En n’imposant pas de confinement et en gardant écoles, bars et restaurants ouverts, la Suède a choisi une stratégie unique dans l’Union européenne. Le grand géographe suédois Gunnar Olsson s’interroge sur les motivations profondes de cette option – et brosse un tableau plutôt sombre de son pays.
Face à l’épidémie, la Suède a suivi une stratégie unique en Europe en n’imposant aucun confinement strict. Comment ce choix audacieux, un temps envisagé par Boris Johnson au Royaume-Uni, a-t-il été accepté par la population ?
Gunnar Olsson : Oui, la Suède a suivi une ligne stratégique particulière, puisque aucune mesure de confinement n’a été imposée, les bars et les restaurants sont restés ouverts depuis le début de l’épidémie, le télétravail a été recommandé sans plus, et il n’y a même pas eu d’incitation à porter un masque dans la rue. Seules les assemblées de plus de cinquante personnes – ce qui inclut les matchs de football – ont été annulées, ainsi que les visites dans les maisons de retraite. Sinon, rien. Cette stratégie est formidablement populaire – alors que j’y suis moi-même assez réticent. Aussi surprenant que cela puisse paraître à un Français ou à un habitant d’une autre démocratie, les Suédois ont une confiance complète dans leurs dirigeants et leurs élites.

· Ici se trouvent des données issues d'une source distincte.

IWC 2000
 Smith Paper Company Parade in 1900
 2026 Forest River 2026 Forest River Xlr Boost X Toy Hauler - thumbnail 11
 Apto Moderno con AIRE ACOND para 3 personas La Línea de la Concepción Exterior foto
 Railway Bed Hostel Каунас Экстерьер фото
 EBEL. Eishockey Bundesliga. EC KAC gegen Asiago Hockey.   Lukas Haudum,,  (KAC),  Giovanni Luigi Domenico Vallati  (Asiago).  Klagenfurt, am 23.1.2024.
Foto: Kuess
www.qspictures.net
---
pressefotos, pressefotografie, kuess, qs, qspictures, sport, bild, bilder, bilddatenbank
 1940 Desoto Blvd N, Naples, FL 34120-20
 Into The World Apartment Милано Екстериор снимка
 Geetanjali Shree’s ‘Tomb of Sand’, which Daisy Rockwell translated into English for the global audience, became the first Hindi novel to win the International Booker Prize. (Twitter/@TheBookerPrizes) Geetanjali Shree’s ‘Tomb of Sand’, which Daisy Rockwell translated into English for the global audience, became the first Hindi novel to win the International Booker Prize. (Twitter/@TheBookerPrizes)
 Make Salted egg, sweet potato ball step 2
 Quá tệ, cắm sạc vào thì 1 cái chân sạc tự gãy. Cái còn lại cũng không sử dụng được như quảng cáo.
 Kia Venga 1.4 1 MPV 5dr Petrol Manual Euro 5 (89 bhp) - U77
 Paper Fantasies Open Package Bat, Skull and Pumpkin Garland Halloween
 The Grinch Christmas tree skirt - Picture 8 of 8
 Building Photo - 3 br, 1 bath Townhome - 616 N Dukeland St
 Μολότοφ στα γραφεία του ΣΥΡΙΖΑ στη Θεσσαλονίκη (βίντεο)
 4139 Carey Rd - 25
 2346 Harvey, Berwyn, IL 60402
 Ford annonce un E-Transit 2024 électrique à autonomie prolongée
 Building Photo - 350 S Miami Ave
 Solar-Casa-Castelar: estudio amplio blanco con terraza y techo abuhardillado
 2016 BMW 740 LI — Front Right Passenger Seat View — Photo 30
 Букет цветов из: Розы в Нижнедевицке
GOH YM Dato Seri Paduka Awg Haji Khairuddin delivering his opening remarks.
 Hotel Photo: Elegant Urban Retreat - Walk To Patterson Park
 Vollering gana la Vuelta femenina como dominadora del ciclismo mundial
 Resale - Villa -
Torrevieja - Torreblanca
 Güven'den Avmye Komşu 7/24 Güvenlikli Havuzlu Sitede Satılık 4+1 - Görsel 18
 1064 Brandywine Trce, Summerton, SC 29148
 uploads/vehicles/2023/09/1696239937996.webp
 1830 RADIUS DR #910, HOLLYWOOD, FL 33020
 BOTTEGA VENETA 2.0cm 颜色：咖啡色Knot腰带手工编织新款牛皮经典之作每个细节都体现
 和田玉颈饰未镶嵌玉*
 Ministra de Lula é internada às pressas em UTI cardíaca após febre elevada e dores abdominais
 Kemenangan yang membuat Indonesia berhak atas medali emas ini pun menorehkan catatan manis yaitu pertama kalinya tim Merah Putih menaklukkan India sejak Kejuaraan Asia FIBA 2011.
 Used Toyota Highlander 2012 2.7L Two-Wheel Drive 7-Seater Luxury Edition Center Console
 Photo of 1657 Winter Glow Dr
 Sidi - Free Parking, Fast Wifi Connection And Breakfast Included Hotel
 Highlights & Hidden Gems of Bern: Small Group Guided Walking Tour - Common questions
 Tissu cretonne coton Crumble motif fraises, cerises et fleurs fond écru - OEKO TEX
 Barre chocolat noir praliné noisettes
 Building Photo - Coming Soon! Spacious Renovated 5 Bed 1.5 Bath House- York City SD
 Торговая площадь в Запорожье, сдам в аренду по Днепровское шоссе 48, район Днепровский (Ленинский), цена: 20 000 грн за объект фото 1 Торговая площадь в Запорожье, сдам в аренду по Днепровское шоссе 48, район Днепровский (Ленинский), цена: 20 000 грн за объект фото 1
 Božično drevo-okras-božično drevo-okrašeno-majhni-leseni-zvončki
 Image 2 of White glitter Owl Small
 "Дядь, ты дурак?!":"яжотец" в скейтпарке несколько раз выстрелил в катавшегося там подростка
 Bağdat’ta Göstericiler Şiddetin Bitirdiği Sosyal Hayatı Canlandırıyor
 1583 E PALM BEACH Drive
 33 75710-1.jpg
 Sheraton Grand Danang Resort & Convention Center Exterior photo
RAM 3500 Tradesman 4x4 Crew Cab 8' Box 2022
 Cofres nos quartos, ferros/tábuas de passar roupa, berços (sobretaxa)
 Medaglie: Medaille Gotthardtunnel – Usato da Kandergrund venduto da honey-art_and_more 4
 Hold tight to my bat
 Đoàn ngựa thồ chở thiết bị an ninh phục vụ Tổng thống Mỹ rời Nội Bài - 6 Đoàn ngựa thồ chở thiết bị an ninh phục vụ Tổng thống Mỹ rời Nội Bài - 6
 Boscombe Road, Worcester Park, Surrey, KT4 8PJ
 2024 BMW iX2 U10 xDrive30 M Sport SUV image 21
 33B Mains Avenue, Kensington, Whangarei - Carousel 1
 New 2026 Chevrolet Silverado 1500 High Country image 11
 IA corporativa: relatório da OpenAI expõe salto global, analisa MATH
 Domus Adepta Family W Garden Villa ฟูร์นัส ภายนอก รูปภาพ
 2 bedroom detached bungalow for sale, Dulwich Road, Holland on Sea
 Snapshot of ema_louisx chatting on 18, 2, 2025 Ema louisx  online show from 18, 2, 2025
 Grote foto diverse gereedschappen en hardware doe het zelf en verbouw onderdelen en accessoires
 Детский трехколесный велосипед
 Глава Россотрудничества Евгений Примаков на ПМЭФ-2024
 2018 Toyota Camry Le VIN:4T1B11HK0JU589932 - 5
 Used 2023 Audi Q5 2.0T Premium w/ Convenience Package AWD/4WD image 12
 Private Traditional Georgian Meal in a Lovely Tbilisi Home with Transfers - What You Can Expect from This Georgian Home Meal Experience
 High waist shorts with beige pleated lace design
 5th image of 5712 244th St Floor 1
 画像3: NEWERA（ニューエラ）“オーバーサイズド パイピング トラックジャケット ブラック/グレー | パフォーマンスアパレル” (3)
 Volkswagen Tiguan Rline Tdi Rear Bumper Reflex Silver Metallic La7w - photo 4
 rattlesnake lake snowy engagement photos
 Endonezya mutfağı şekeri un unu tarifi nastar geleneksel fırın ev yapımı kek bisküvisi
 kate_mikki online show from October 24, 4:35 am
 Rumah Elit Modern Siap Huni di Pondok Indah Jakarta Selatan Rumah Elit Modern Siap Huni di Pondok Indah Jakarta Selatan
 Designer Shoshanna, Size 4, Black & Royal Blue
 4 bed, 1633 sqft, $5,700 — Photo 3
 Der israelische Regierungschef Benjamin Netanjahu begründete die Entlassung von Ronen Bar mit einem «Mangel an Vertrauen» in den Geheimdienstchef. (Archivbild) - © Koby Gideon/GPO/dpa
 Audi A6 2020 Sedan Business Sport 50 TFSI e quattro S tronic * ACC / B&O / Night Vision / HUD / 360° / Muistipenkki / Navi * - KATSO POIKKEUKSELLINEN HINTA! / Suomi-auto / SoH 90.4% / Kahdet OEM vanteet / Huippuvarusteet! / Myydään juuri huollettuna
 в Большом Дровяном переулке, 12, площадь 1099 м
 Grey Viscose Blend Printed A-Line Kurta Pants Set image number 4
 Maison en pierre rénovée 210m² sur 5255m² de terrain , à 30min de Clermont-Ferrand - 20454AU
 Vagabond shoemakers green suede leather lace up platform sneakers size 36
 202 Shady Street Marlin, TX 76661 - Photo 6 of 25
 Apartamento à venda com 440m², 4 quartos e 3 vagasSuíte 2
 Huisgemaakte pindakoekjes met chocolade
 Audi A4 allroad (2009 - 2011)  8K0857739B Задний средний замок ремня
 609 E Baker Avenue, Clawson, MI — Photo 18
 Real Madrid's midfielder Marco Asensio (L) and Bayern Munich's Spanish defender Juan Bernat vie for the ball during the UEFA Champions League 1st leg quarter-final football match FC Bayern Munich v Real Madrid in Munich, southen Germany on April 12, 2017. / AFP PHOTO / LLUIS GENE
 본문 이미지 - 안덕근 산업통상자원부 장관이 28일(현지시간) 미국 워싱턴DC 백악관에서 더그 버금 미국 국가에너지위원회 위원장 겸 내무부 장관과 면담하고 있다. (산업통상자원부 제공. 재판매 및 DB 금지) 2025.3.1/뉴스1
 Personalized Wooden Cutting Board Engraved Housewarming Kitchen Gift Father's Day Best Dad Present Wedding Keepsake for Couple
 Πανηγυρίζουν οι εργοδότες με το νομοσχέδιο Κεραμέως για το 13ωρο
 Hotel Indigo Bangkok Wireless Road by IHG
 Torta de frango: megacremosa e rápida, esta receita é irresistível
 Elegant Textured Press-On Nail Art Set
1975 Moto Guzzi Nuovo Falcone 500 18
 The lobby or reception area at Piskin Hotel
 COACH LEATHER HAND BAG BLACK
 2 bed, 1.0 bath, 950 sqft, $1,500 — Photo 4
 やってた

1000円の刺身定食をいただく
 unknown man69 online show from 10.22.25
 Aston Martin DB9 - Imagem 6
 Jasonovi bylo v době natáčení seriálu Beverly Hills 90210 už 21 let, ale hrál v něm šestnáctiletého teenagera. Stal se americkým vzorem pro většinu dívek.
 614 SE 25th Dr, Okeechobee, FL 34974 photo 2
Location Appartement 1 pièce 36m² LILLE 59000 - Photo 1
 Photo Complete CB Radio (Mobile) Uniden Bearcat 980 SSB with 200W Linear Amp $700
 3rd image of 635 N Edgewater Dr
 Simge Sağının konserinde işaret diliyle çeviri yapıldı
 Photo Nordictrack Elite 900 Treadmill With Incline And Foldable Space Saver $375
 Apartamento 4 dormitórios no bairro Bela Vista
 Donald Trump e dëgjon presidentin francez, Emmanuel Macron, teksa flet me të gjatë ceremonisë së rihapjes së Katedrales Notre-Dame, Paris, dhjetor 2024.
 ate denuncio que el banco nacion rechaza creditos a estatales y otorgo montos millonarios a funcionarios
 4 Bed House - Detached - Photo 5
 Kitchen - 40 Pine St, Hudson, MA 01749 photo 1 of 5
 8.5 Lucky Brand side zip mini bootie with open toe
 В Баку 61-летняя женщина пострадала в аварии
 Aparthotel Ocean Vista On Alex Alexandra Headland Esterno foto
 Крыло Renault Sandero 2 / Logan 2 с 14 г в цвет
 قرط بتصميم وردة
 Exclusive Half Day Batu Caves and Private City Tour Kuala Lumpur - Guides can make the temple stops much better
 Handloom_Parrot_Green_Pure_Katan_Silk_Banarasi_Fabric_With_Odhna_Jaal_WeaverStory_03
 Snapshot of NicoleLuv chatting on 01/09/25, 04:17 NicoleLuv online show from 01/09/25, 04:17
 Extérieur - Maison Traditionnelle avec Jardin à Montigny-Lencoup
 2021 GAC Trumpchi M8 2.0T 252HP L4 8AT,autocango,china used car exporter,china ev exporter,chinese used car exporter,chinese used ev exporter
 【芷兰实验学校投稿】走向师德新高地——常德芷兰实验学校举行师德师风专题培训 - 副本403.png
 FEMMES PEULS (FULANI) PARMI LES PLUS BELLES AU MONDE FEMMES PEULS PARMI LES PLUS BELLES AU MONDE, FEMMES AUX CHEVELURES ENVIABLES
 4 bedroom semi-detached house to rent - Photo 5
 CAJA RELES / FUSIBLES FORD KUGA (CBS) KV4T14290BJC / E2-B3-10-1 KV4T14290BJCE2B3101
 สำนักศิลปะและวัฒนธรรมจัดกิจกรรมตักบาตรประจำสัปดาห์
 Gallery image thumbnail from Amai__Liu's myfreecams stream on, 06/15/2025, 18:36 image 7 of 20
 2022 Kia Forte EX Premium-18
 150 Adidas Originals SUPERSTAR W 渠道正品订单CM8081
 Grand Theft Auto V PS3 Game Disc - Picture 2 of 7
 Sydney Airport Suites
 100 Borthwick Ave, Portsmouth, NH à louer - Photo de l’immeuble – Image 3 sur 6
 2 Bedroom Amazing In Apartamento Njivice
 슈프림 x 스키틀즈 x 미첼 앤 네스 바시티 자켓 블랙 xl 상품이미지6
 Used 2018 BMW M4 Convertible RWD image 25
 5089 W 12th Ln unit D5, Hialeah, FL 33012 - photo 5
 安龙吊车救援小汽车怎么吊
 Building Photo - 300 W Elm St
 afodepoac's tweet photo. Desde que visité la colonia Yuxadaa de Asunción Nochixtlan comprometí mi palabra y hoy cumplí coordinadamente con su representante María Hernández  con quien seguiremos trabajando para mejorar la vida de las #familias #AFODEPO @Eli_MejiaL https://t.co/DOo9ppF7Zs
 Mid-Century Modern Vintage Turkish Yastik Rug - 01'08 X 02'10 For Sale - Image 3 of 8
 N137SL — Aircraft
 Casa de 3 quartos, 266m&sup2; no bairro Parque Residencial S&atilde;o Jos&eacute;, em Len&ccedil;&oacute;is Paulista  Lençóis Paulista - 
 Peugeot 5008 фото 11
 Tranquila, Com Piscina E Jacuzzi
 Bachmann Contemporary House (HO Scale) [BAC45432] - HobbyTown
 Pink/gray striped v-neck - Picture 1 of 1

“Les Suédois sont obéissants, mais leur obéissance ne vient pas de la crainte d’une punition ni d’une quelconque contrainte. Ils obéissent par confiance”
Gunnar Olsson
D’où vient une telle confiance ?
C’est une très vieille histoire, qui a des racines profondes. Les Suédois sont obéissants, mais leur obéissance ne vient pas de la crainte d’une punition ni de l’exercice d’une contrainte directe. Ils obéissent par confiance. Nous avons confiance dans nos dirigeants. Les origines de cette attitude remontent aux XVIIe et XVIIIe siècles. Mise à part une brève expérience de monarchie absolue – et encore, beaucoup plus partielle qu’en France – entre 1680 et 1719, la Suède a très tôt connu une forme de parlementarisme. Les nobles ont été associés aux décisions de la couronne, une certaine collégialité a presque toujours existé. En revanche, cela n’a pas été le cas en Norvège, car notre voisin norvégien a été placé longtemps sous la domination danoise – il y a eu un impérialisme danois, qui a permis à ce petit pays d’exercer sa domination non seulement sur la Norvège mais aussi sur le Groenland. Nous avons conservé ici des autorités indépendantes, y compris pendant une période, allant de 1814 à 1905, où il y eut une union des royaumes norvégiens et suédois. Mais pour revenir à la Suède, nous sommes sous une domination presque continue du Parti social-démocrate des travailleurs depuis 1917, tant et si bien que chez nous tous les politiciens sont plus ou moins sociaux-démocrates ou en tout cas tous raisonnent selon les catégories de la social-démocratie. C’est pourquoi nous n’avons pas l’habitude d’entendre, dans le débat public, de fortes oppositions. Il y a un unanimisme suédois propice à la confiance. Mais plus encore que d’unanimisme, je dirais qu’il s’agit d’une sorte de corruption, pas d’une corruption au sens classique mais d’une corruption intellectuelle et morale.